On the merits, it was contended, that in a proceeding of forfeiture like this, the rules of evidence applying to penal or criminal proceedings are to be observed; and that, accordingly, fraudulent intention must be proved. Unexplained discrepancy between the entry and the package may testify the sinister purpose; but still, the court must be satisfied of that purpose having existed, before it will condemn in a case of this description. 9 Wheat. 430; 3 Ibid. 232; 6 Ibid. 120; 2 Mason 48; 12 Wheat. 480; 1 Paine 129, 499. Whether adjudged brown or white, there is no ground for forfeiture of the sugars, the testimony exhibiting justification for a belief that the sugars should, or might be, determined brown, and the court's opinion to the contrary only settling a doubt, and at most establishing an error of judgment and not a wilful deception: no presumption of fraudulent representative necessarily arises from showing a specification of an entry to be incorrect, in regard to the commercial character or designation of an article, when that incident of the article is speculative, or may be variously interpreted; or when, at all events, as in this case, it is variously defined by the opinions and experience of commercial witnesses.
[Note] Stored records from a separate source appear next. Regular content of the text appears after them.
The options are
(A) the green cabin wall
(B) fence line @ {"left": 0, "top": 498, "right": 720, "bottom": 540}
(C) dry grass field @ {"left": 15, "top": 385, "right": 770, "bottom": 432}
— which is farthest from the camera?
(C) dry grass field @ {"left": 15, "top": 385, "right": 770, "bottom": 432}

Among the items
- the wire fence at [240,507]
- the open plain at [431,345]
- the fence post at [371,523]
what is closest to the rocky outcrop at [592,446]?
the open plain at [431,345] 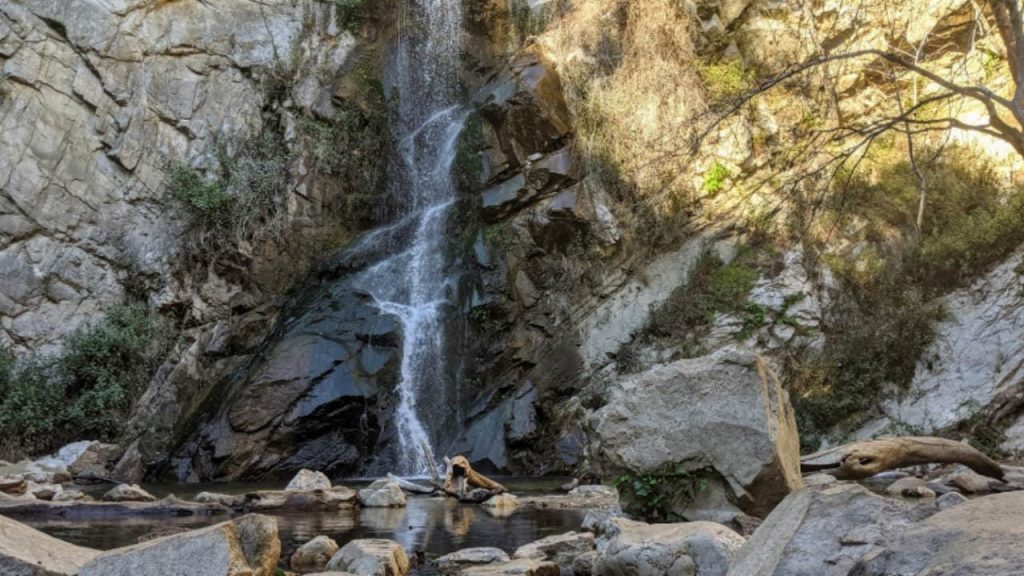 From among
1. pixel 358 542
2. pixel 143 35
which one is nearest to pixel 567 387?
pixel 358 542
Taney, Attorney-General, contended, that the opinion of the district judge of Louisiana, in condemning the sugars, and refusing the appeal, was correct.

McLEAN, Justice, delivered the opinion of the court.

This case is brought before the court, by an application for a mandamus, to be directed to the judge of the court of the United States for the district of Louisiana, requiring him to allow an appeal from the judgment of that court.

In their petition, the claimants state that the eighty-four boxes of sugar were consigned to them at New Orleans, and that on their arrival, they were libelled by the United States for an alleged breach of the revenue laws; that the sugars were valued by the two custom-house appraisers at $2602.51; that they were afterwards condemned and sold by the marshal, at public sale, for $2338.48, leaving $2150.06, after deducting the costs and charges of the sale. From the judgment of condemnation, the claimants prayed an appeal to the supreme court; which was refused, on the ground, that the value of the sugars, exclusive of duties, is less than $2000. By consent of parties, if the claimants shall, in the judgment of this court, be entitled to an appeal, the merits of the case shall be considered as regularly before the court, for a final decision.

Whether the claimants were entitled to an appeal, is the first point to be considered. The decision of this question depends on the amount in controversy. If it be less than $2000, the judgment of the district court was final, and cannot be revised by an appeal. The judgment of condemnation was entered on the 9th of April 1831, and on the 28th of the same month, under the order of the court, the marshal sold the property. On the 19th of April, an appeal was prayed, and an order was made, that the district-attorney should show cause on the 23d of the same month, why an appeal should not be granted.

In his opinion against the right of the claimants to an appeal, the district judge says, that 'the supreme court has lately, in the case of Gordon v. Ogden, decided, that the defendant cannot support an appeal, from a judgment obtained against him in the court below for a less sum than $2000, because that judgment is the only matter in dispute.' 'In this case,' the judge says, 'the thing demanded on one side was the forfeiture of a specific quantity of sugar, and on the other the restoration of the same article, the value of which did not amount to $2000.' 'There was no demand of duties, nor could such demand have been taken into consideration in the case then before the court. There was no contest about the duties.'

It will be observed, that at the time the judgment of condemnation was entered, and also when the appeal was prayed, the sugars remained in the hands of the proper officer. Suppose, the judgment had been given for the restoration of the property, in what form should it have been entered? Could any part of the property have been detained for the payment of the duties? The duties were not then due, and could the court have directed them to be paid, by the sale of a part of the property? A judgment in favor of the complainants in the district court, should have directed the property to be restored to them, on the payment of the duties, or securing them to be paid, according to law. This would have given to the claimants the whole amount of their property, as though no seizure of it had been made. Under the law, they were entitled to a credit for the payment of the duties, on the condition of giving bond and security.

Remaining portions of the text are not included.